The task: The required output holds only the lines from the one containing "Neotraditionell tatuering av" through the end of the material below, copied exactly, please, with no pictures.

Provided entries:
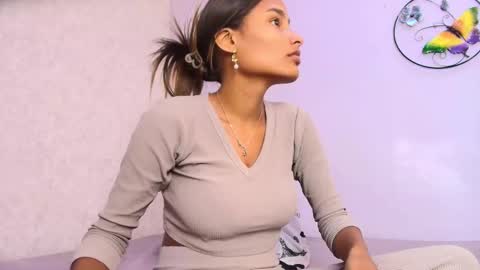 Raquel  online show from February 12, 12:00 pm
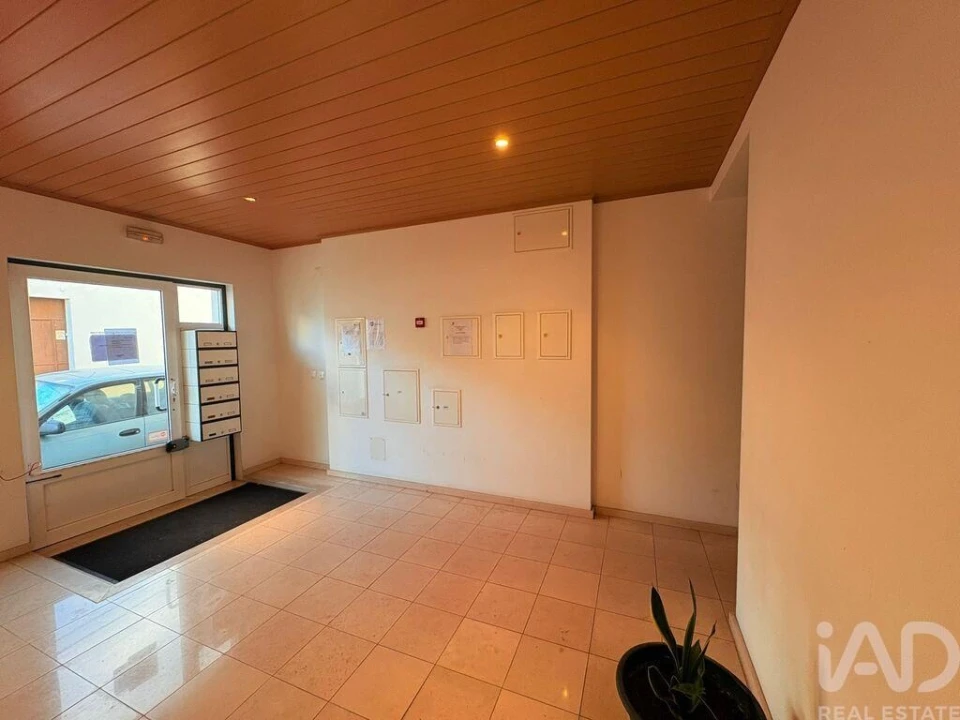 Apartamento T2 para Venda em Almeirim Foto 4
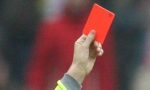 Calcio giovanile, spinge l'arbitro che sospende la gara I PROVVEDIMENTI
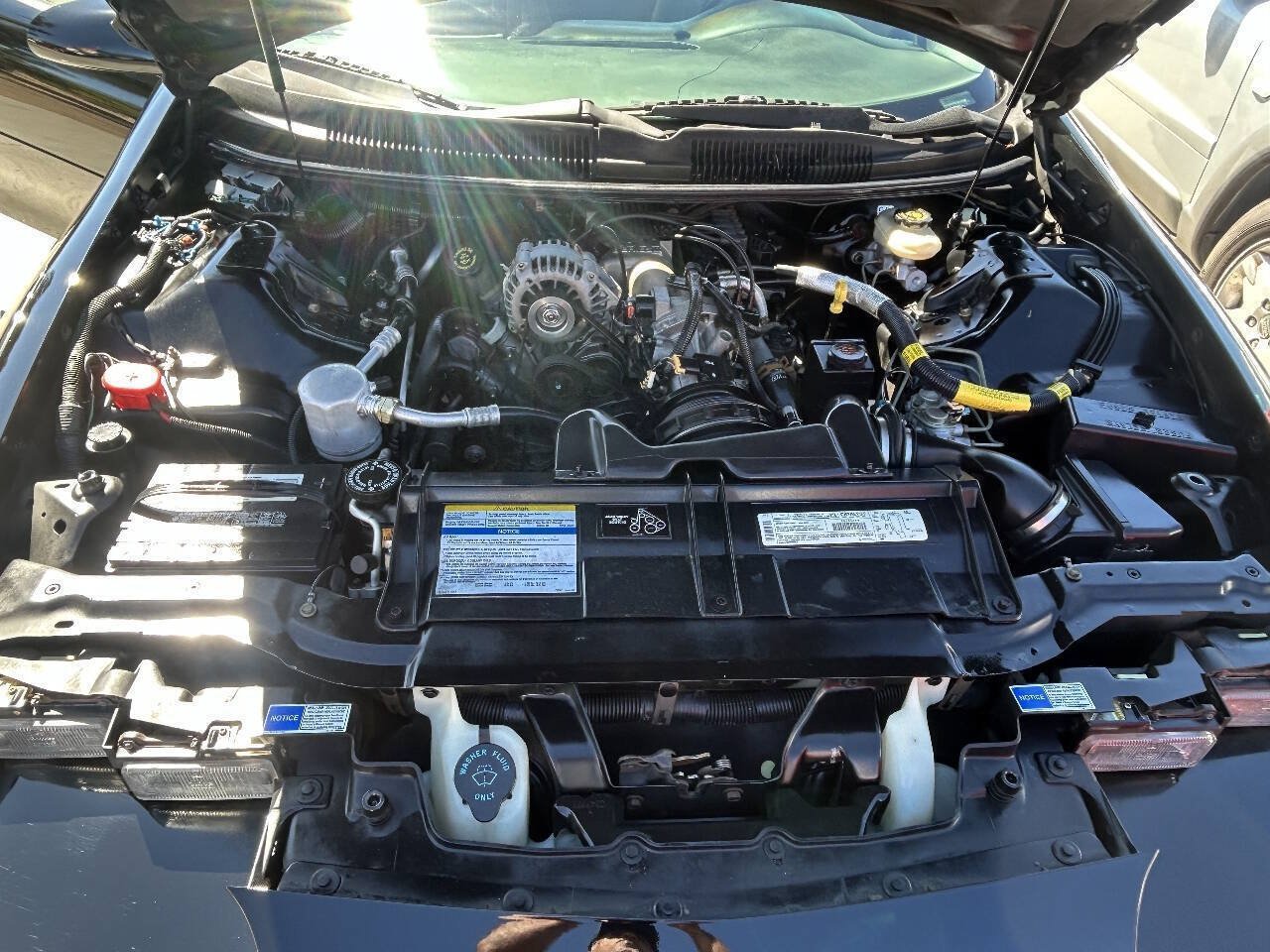 Used 1997 Chevrolet Camaro LT w/ Preferred Equipment Group 2 RWD image 29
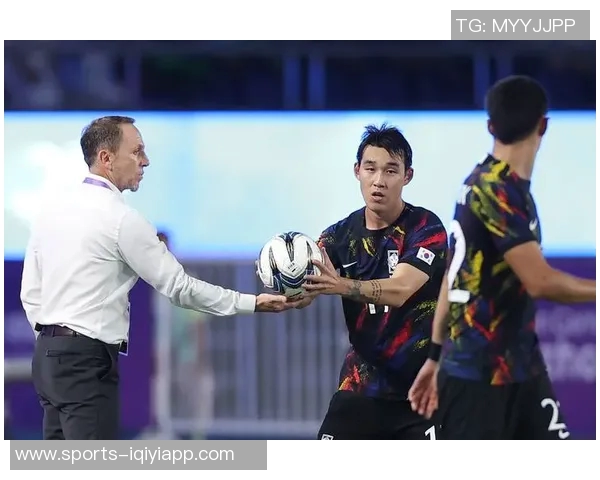 久尔杰维奇团队全运会观战寻宝为U20亚洲杯备战添新动力 久尔杰维奇团队全运会观战寻宝为U20亚洲杯备战添新动力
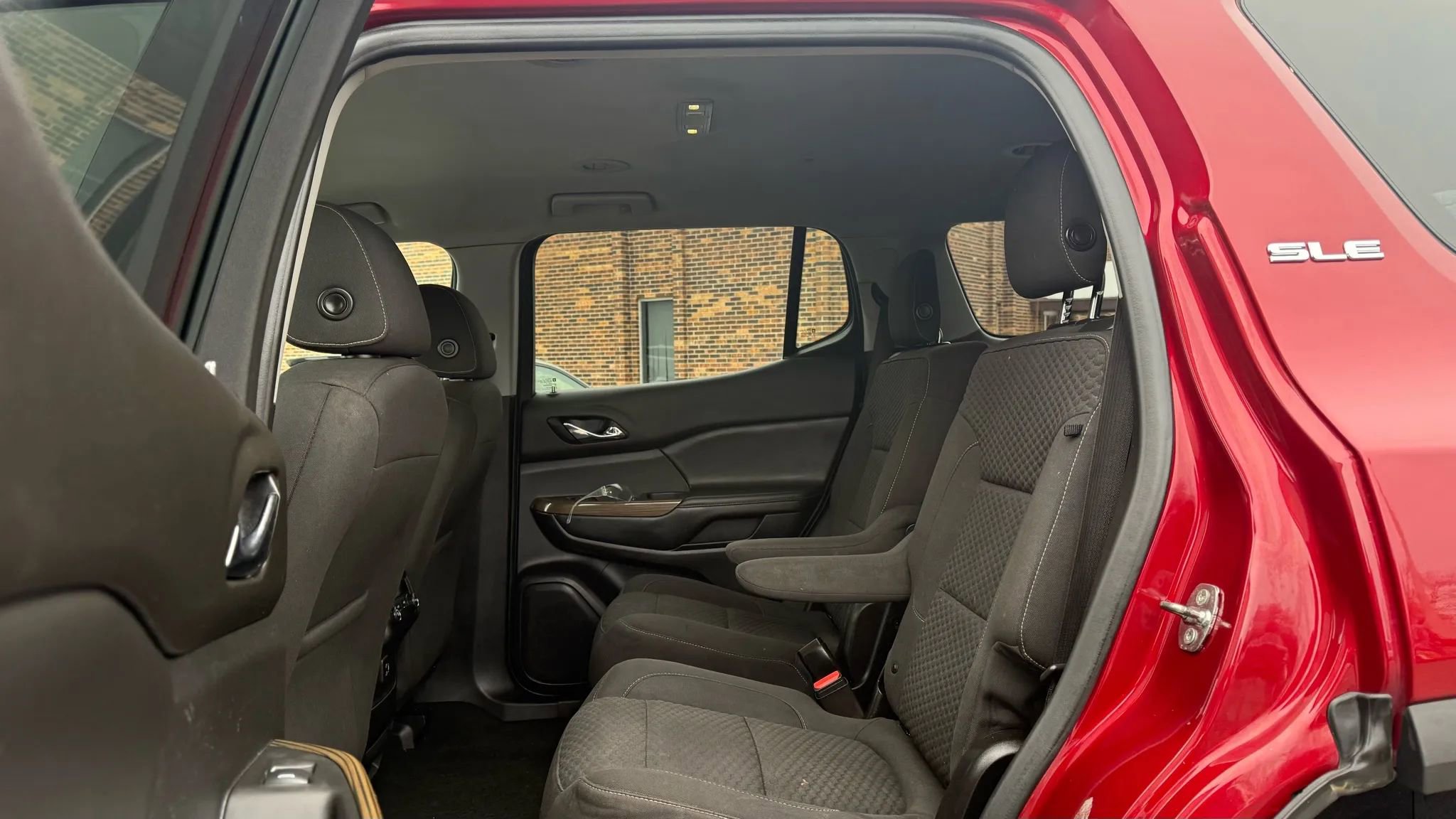 Used 2019 GMC Acadia SLE w/ LPO, Cargo Package image 32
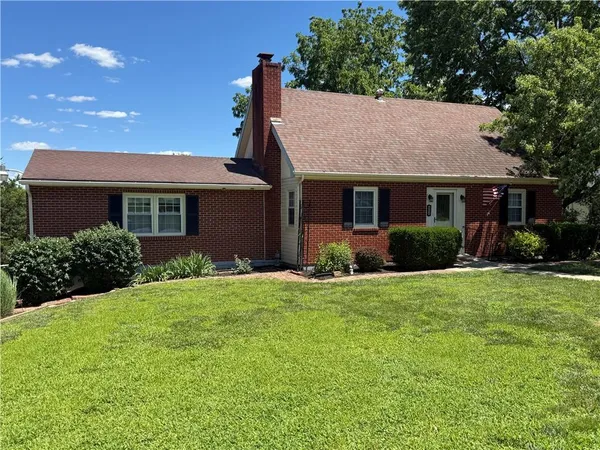$239,000 | 404 North 14th Street, Atchison, KS 66002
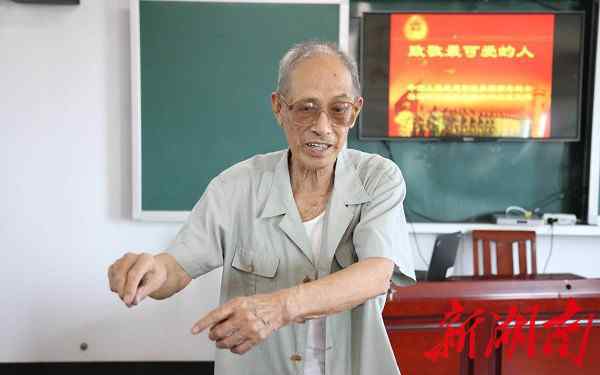 范宪 抗美援朝老兵进军营讲故事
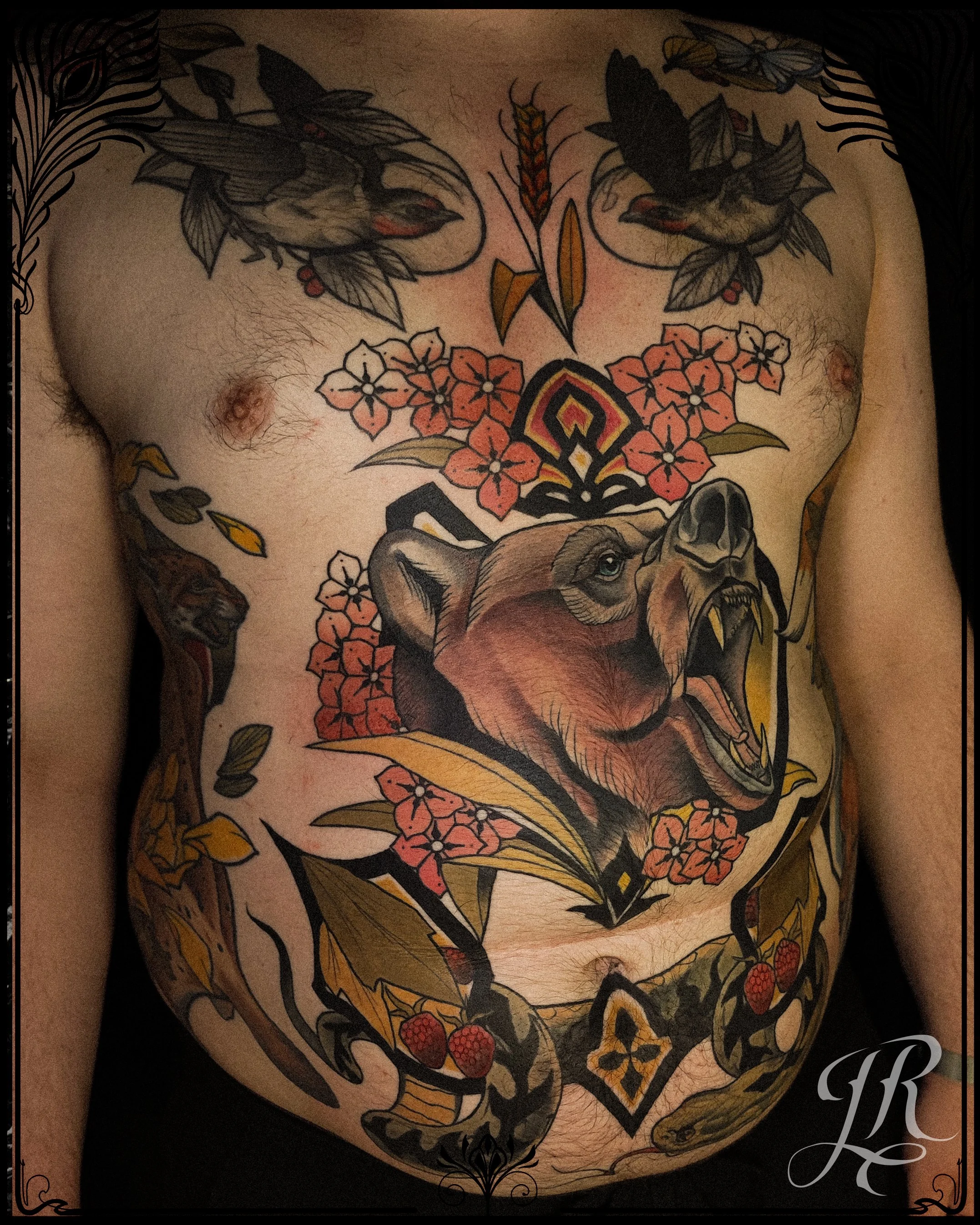 Neotraditionell tatuering av en snokk styrka och vildmarkens själ. Denna tatuering är en hyllning till naturens mäktiga varelser, perfekt för djurälskare och de som vill ha en design som verkligen symboliserar kraft och frihet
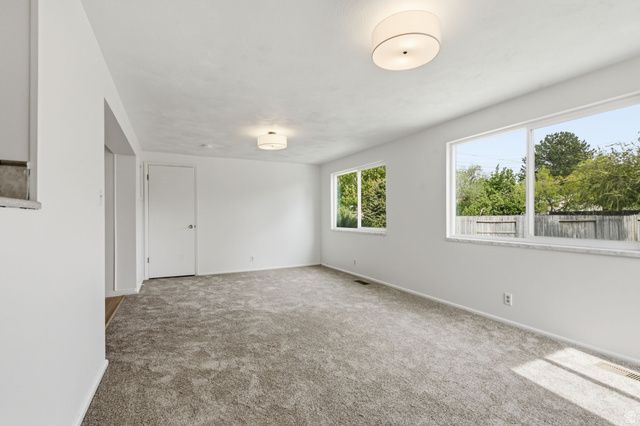 3677 W KEWANEE DR, West Valley City, UT 84120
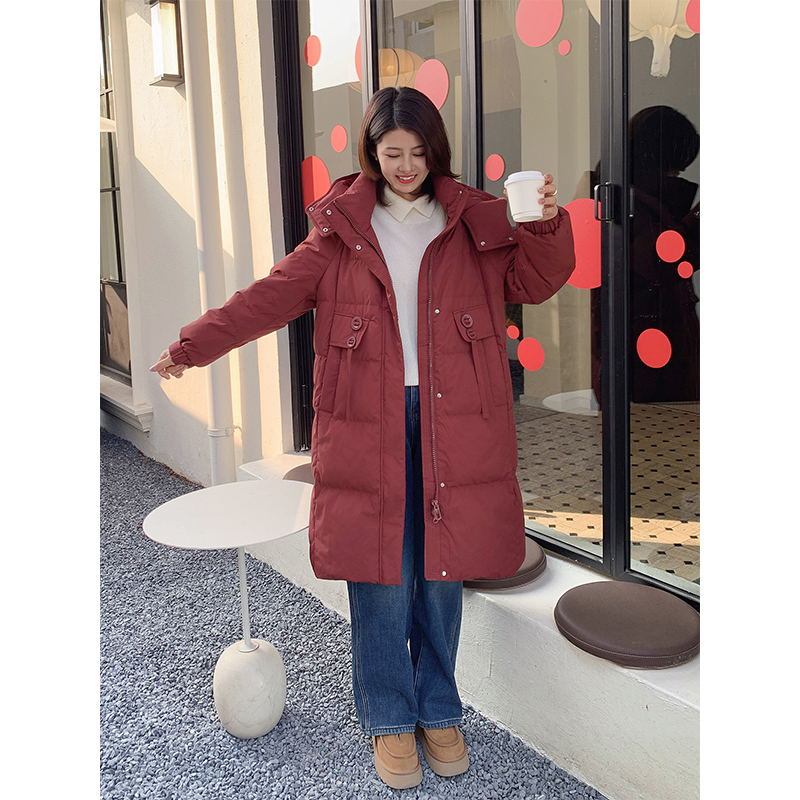 紫璐莱氛围感中长款连帽羽绒服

Written response:
 Neotraditionell tatuering av en snokk styrka och vildmarkens själ. Denna tatuering är en hyllning till naturens mäktiga varelser, perfekt för djurälskare och de som vill ha en design som verkligen symboliserar kraft och frihet
 3677 W KEWANEE DR, West Valley City, UT 84120
 紫璐莱氛围感中长款连帽羽绒服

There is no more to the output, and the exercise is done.